Wie der Kurator erklärt, blieb es bei diesem punktuellen Vorstoß in die „puristischen Sphären“ eines rein konzeptuellen Kunstverständnisses. Gut so, mag man hinzufügen. Denn Kirchberger ist denn doch zu sehr Maler, der sich mit dem sinnlichen Zusammenspiel von Farbe und Form profiliert – zum Vergnügen des Betrachters, der Mitte der 60er Jahre auch zum Akteur werden sollte: An den Spielbildern und -objekten lassen sich Elemente neu verändern. Etwa die rot-weißen Pingpongbälle, die beim Durschütteln nach einem Zufallsmuster in den Löchern der Objektkästen stecken bleiben. Oder beim Abschrauben der Knöpfe an den hochglänzenden Wandobjekten, die 1967 entstanden.

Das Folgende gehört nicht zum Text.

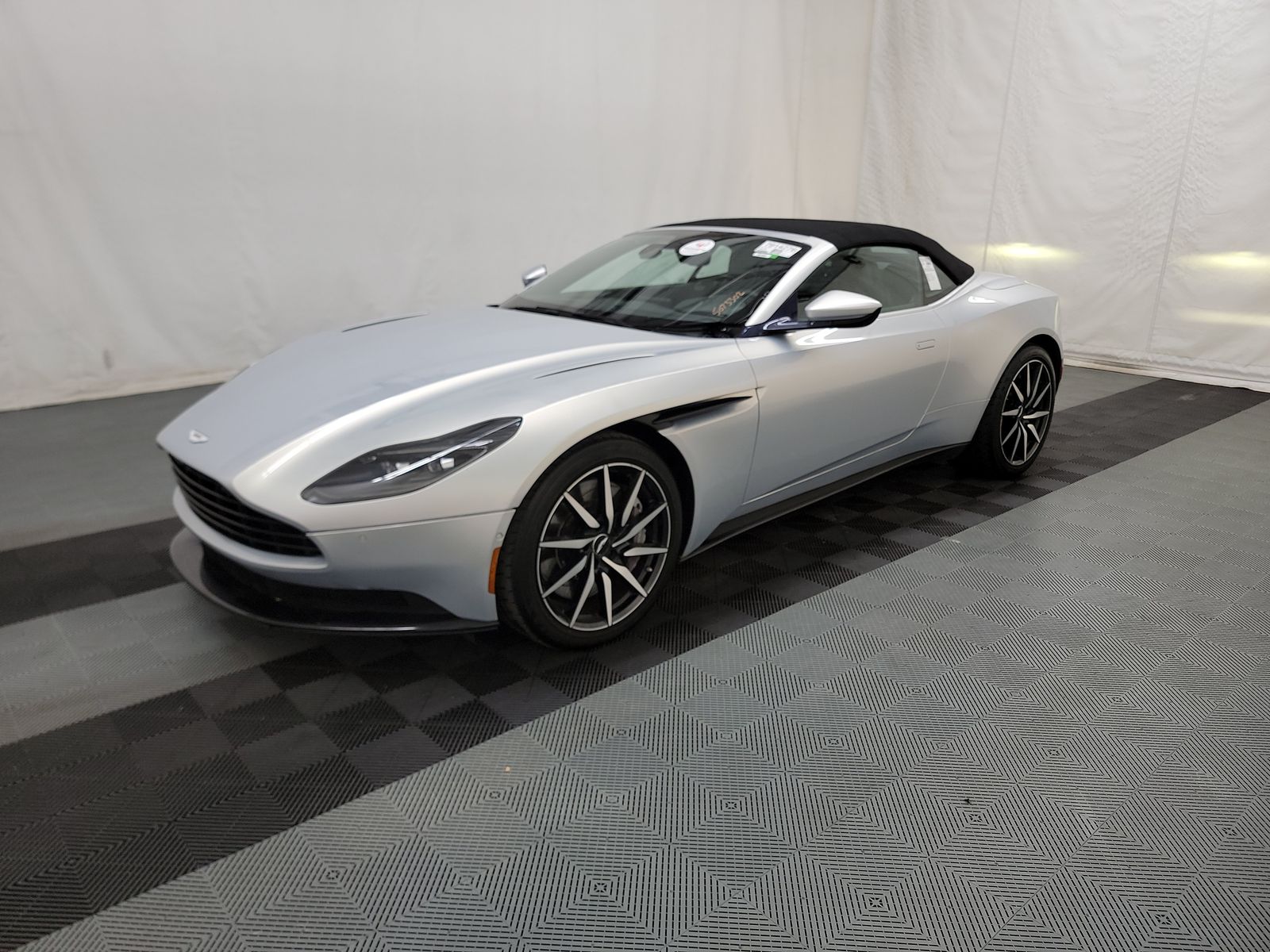 2020 Aston Martin DB11 V8 Convertible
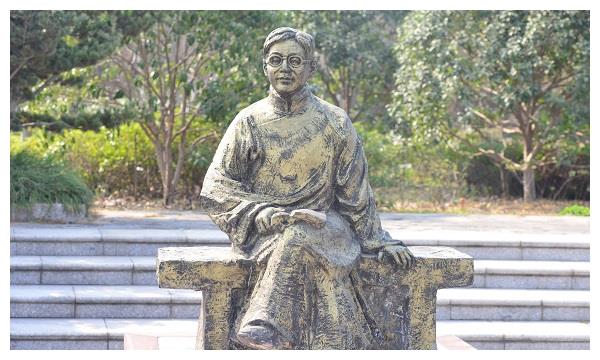 是风流才子还是国学大师黄侃结了9次婚娶2个学生被师母痛骂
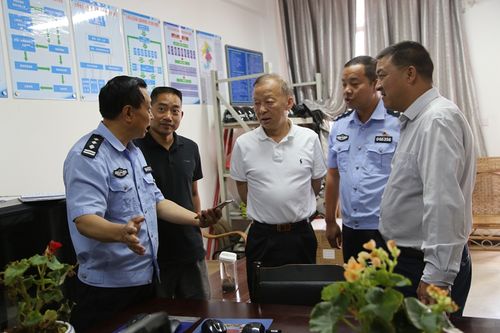 唐云泽深入龙陵县调研指导综治维稳工作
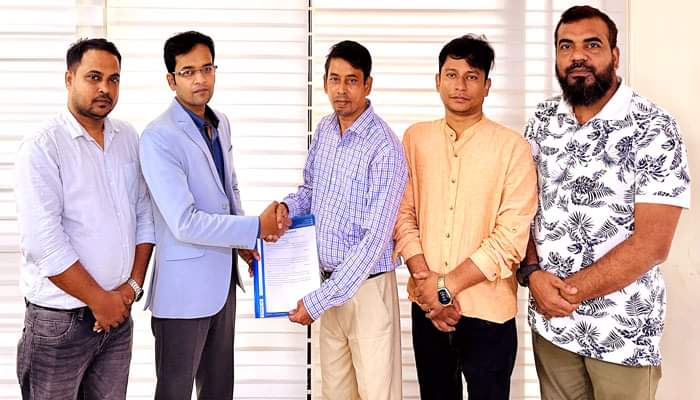 ‘ফ্লিংএক্স’ কুরিয়ার ও ই-বিডিবাজার চুক্তি স্বাক্ষর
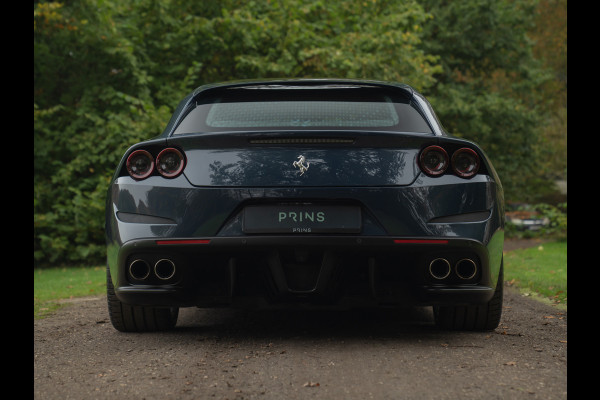 Ferrari GTC4 6.3 V12 Lusso | Atelier Car | Full spec! | Blu Ahrabian | Pano-dak | Lift | 360 cam | CarPlay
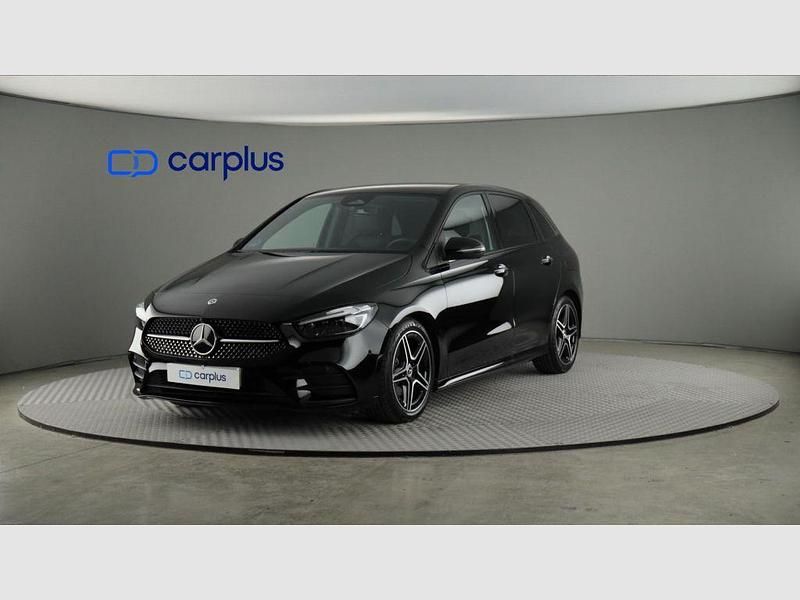 Negro cosmos (metalizado) Usado 2024 Mercedes B200 Monovolumen | 32.990 € (Precio justo) - Imagen 1/4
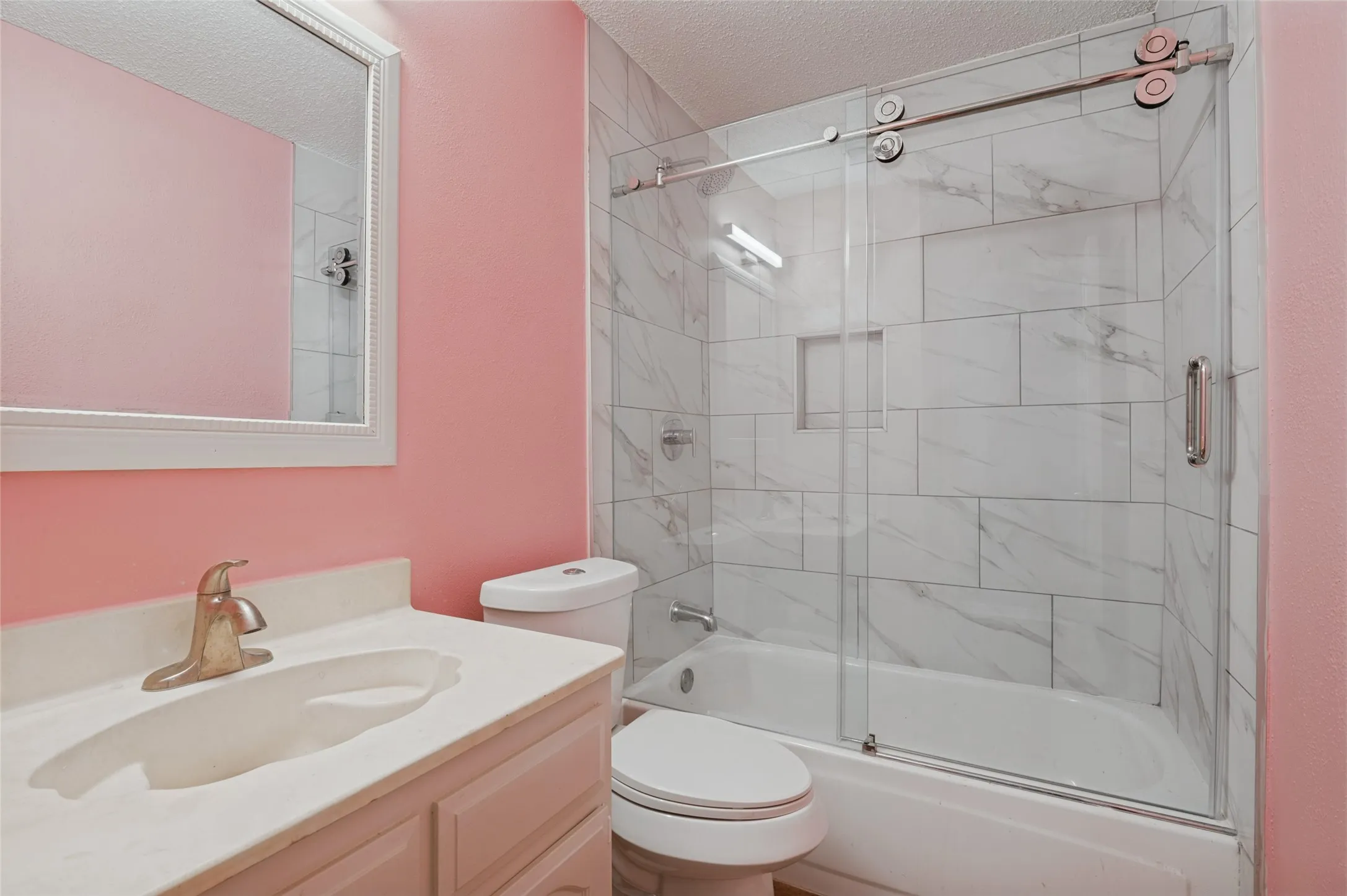 Single Family Residence For Sale in Tarrant County , 605 Reeves Lane, Kennedale, Texas 76060, 3 Bedroom, 2 Bathroom, 2 Garage spaces, 1,349 Sqft, built in 1986, mls#21409059, Real Estate Agent in Kennedale, Homes For Sale in Tarrant county, Homes For Sale in Kennedale, Realtor in Kennedale Texas, Real Estate Brokerage Independent Realty Texas, Luminita Cordes Realtor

Der Künstler plant in immer größeren Dimensionen, entwirft Arbeiten aus Aluminium, die aus der Wand herauszuwachsen scheinen. Um diese Zeit ist er bereits Dozent an der Werkkunstschule in Krefeld. Eine Berufung, der Kirchberger – keineswegs selbstverständlich in der Kunstszene – viel Zeit und Energie widmet. Bei den Studierenden ist er beliebt, doch seine eigene Karriere tritt in den Hintergrund. Auf wichtigen Ausstellungen ist er nicht mehr vertreten.
Sein talentiertester Schüler wurde vom Maler zum Starfotografen. Es würde sich sicher lohnen, nachzuforschen – so schreibt Geiger in dem lesenswerten Katalog – , inwiefern Peter Lindberghs präzise Bildsprache in der soliden Schulung durch Professor Kirchberger wurzelte.
Eröffnung am Sonntag, 31. Oktober, 11.30 Uhr. Ausstellung bis 5. Dezember. Dienstag bis Samstag 10 bis 17 Uhr, Sonntag 10 bis 18 Uhr. Katalog 20 Euro.